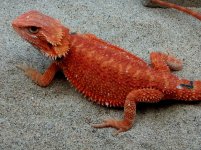 Hypo Trans Male #L-LB, 11in, $350 - Copy.jpg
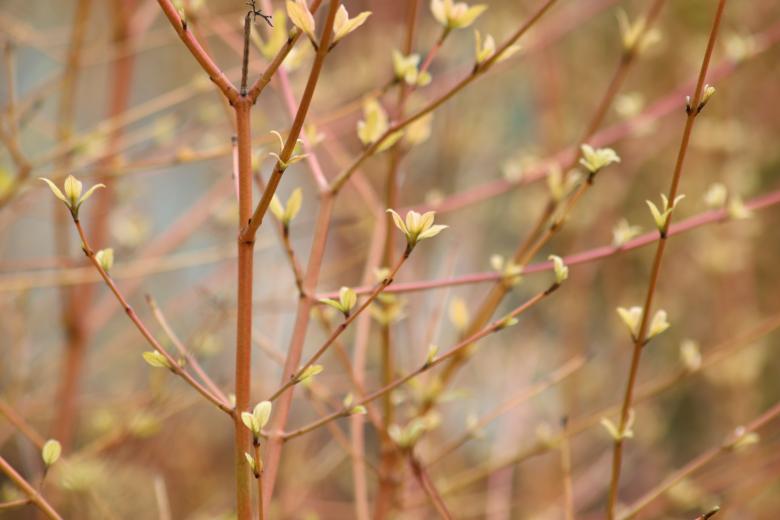 Free stock image of Willow tree first leaves created by GAIMARD Jacques
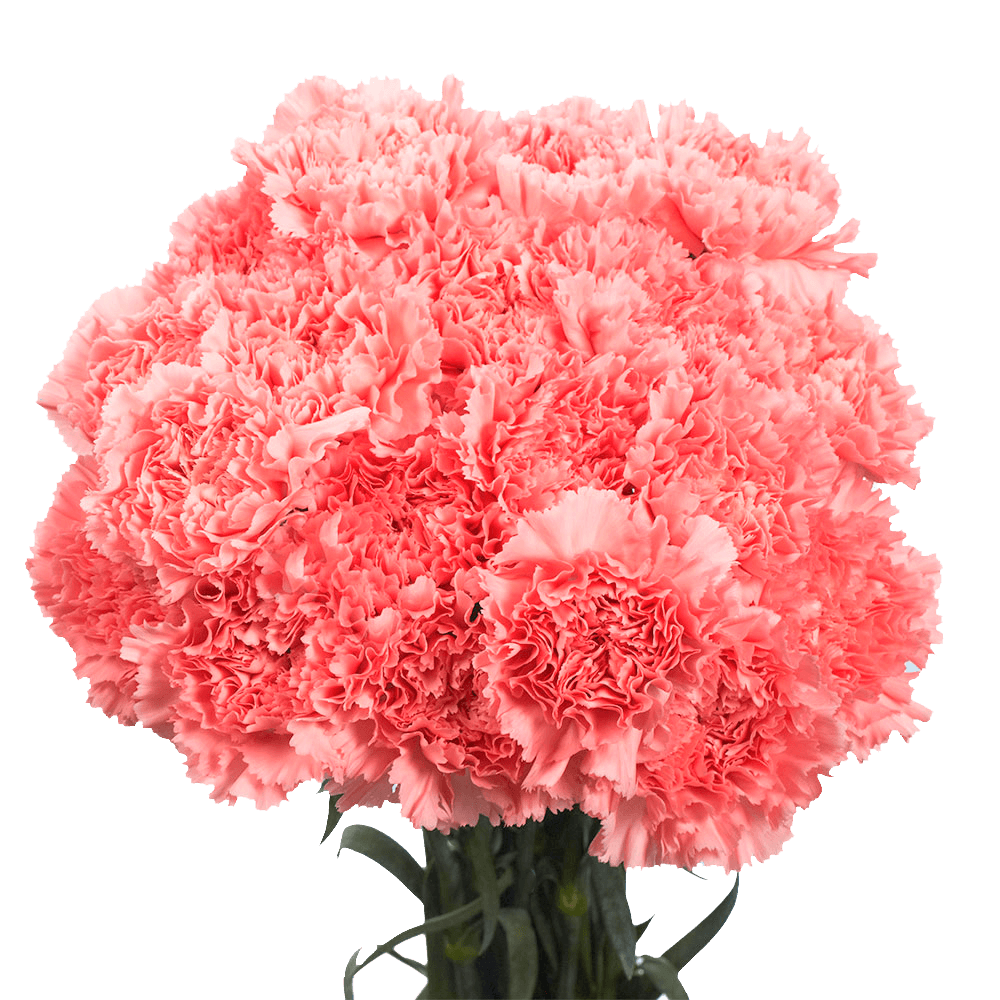 Pink Carnations Bunches – Fresh Flower Bouquets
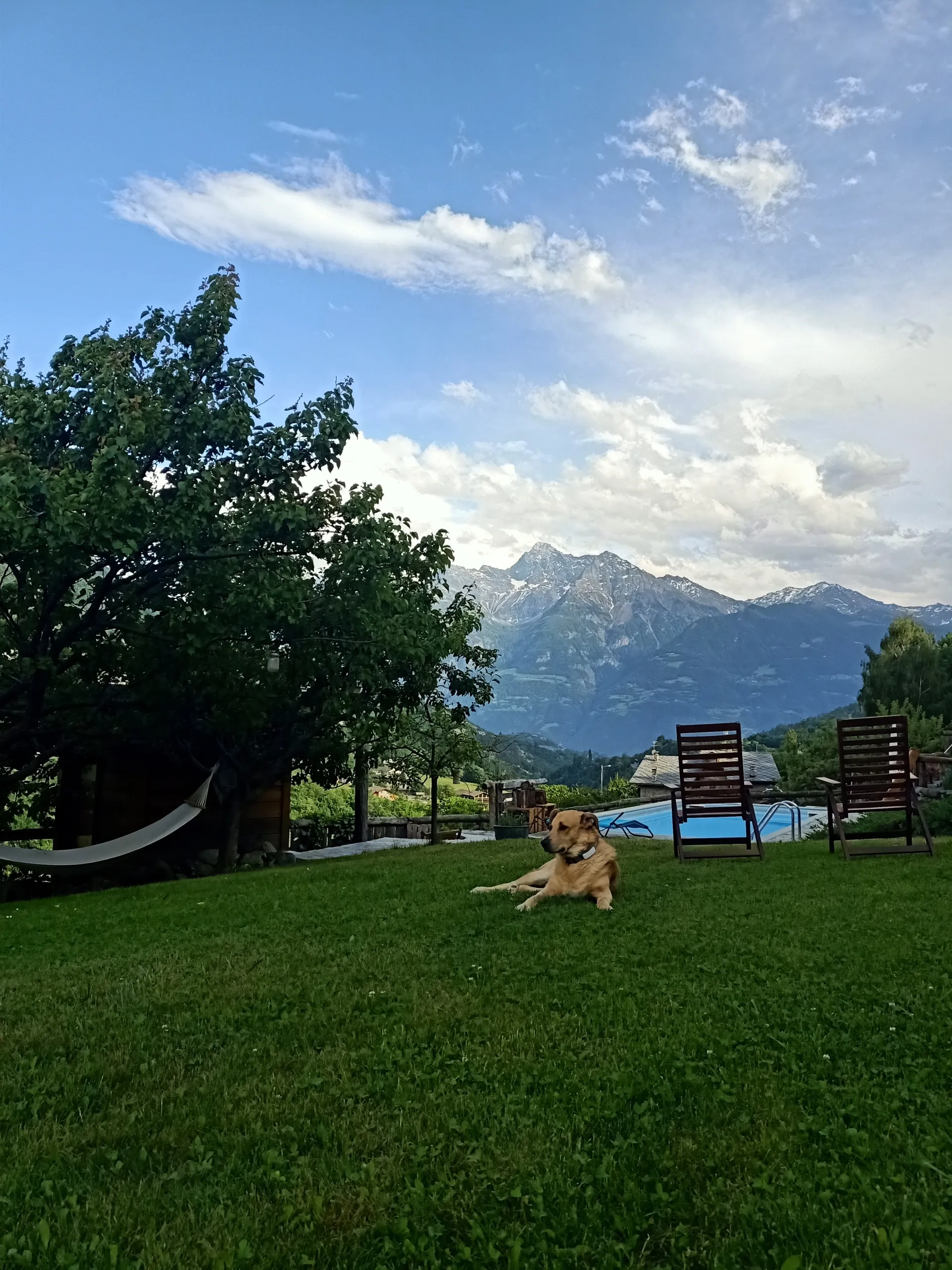berlino prato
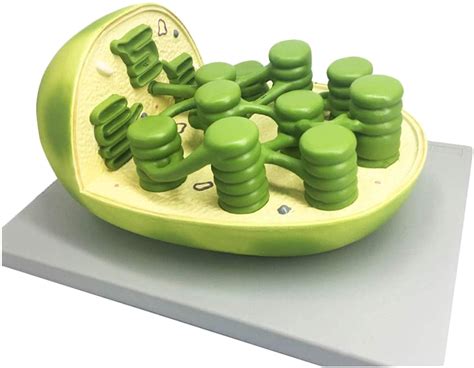Chloroplast Model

→ What is being asked
Exact repetition of all entries is required. The pictures should not appear.

→ Output of the exercise
 Hypo Trans Male #L-LB, 11in, $350 - Copy.jpg
 Free stock image of Willow tree first leaves created by GAIMARD Jacques
 Pink Carnations Bunches – Fresh Flower Bouquets
berlino prato
Chloroplast Model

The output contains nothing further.